Can dual-pathway protocols be used in models with impaired pituitary function?▼

Only if the somatotroph cell population is intact. CJC-1295 No DAC and ipamorelin require functional GHRH and ghrelin receptors on anterior pituitary somatotrophs to produce GH release — they do not bypass pituitary function. In models with complete somatotroph depletion (surgical hypophysectomy, radiation-induced pituitary failure), dual-pathway protocols will not produce measurable GH elevation. In models with partial pituitary impairment, GH response may be blunted but not absent.

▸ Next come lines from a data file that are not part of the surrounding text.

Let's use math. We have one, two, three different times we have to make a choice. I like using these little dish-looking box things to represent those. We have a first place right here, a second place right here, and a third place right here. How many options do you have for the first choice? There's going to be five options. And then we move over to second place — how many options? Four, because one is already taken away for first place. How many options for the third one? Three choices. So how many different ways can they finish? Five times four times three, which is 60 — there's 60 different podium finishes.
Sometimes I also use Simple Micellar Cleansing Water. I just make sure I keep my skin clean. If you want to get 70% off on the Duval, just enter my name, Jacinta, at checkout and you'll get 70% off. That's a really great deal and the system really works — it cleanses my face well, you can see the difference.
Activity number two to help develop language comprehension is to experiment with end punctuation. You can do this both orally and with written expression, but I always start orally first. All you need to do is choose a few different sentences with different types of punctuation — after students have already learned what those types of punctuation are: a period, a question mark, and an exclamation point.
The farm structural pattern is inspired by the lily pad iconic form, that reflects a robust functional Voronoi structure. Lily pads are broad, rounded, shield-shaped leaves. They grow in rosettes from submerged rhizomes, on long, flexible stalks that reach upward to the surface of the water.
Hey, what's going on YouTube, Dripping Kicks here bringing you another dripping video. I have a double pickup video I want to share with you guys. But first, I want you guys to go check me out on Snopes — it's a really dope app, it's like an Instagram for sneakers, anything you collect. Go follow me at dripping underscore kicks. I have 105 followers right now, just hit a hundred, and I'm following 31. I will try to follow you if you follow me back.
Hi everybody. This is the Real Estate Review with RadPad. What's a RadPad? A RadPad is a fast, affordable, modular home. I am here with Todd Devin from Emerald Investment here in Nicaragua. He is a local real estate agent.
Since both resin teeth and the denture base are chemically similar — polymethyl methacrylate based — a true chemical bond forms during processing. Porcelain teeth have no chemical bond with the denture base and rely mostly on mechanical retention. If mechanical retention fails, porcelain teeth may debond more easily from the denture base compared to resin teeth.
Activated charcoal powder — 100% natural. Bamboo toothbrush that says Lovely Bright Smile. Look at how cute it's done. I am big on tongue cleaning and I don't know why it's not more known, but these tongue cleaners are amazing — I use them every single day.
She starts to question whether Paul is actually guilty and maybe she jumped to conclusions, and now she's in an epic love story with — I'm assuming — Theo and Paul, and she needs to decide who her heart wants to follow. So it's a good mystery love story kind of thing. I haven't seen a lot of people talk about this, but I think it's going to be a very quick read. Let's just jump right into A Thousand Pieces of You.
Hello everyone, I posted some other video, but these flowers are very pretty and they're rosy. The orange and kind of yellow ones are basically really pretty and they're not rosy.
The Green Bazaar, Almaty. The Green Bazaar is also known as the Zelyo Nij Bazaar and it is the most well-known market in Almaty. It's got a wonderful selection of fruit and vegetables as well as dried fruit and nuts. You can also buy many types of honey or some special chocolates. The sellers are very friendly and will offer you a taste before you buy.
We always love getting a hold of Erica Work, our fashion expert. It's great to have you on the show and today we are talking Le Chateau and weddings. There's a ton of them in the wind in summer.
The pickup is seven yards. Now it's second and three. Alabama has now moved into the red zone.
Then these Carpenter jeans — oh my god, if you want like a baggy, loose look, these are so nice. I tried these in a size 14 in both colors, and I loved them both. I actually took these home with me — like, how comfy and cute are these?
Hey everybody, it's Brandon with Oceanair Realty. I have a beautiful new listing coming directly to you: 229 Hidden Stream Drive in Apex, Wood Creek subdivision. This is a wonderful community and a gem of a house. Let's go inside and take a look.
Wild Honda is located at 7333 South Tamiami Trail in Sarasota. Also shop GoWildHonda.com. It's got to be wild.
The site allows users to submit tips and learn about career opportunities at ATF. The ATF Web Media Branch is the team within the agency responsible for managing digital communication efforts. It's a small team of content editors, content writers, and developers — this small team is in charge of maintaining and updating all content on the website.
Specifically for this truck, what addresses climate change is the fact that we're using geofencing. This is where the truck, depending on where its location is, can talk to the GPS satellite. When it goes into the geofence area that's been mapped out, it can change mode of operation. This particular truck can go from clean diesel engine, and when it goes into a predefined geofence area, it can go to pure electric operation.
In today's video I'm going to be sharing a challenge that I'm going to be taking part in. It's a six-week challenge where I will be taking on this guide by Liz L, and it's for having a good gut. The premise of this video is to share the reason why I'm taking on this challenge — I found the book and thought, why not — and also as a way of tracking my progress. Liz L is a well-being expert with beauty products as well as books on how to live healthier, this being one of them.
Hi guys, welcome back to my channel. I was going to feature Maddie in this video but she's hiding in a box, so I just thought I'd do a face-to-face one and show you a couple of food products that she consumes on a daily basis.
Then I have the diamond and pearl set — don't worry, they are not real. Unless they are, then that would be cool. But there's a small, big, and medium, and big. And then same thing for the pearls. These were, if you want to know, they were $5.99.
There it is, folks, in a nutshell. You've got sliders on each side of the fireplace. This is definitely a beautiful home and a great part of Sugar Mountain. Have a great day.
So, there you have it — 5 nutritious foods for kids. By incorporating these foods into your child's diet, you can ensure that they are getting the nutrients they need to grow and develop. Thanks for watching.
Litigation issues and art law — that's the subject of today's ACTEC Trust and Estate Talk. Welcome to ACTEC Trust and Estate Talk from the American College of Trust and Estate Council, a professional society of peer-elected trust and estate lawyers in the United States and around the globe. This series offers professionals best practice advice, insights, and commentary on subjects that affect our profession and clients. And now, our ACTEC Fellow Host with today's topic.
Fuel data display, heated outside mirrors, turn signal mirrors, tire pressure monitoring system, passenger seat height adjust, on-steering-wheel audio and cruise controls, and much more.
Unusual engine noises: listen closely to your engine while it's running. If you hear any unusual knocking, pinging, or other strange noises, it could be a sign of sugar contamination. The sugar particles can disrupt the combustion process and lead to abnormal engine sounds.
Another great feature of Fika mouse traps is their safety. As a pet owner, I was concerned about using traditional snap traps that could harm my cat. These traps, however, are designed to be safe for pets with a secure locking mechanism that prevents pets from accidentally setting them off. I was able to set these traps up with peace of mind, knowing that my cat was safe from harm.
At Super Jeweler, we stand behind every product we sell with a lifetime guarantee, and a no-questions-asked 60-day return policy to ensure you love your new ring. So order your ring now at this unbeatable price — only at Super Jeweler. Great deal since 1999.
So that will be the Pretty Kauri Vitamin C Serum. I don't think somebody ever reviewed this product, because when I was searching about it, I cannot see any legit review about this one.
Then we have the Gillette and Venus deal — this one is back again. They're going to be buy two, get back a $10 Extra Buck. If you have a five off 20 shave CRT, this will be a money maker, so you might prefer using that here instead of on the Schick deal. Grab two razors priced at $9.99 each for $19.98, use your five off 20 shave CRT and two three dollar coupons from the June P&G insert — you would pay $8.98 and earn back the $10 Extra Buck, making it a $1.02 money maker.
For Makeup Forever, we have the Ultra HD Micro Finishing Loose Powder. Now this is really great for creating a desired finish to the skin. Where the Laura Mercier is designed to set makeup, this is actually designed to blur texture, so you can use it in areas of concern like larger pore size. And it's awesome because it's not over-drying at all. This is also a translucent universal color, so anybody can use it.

What is the shelf life of lyophilised CJC-1295 No DAC and ipamorelin?▼

Lyophilised (freeze-dried) peptides stored at −20°C in sealed sterile vials remain stable for 24–36 months. Once reconstituted with bacteriostatic water, CJC-1295 No DAC is stable for approximately 7–10 days at 2–8°C, and ipamorelin for 14–21 days under the same conditions. Reconstituted peptides should never be refrozen — ice crystal formation during the freeze-thaw cycle causes irreversible protein denaturation.

Why is bacteriostatic water required instead of sterile water for reconstitution?▼

Bacteriostatic water contains 0.9% benzyl alcohol, which inhibits bacterial growth in multi-dose vials. Sterile water lacks this preservative, so any bacterial contamination introduced during the first draw will proliferate over the 7–21 day use period of reconstituted peptides. Using sterile water for multi-dose peptide vials creates a contamination risk that bacteriostatic water eliminates — making it the standard reconstitution medium for research-grade peptides.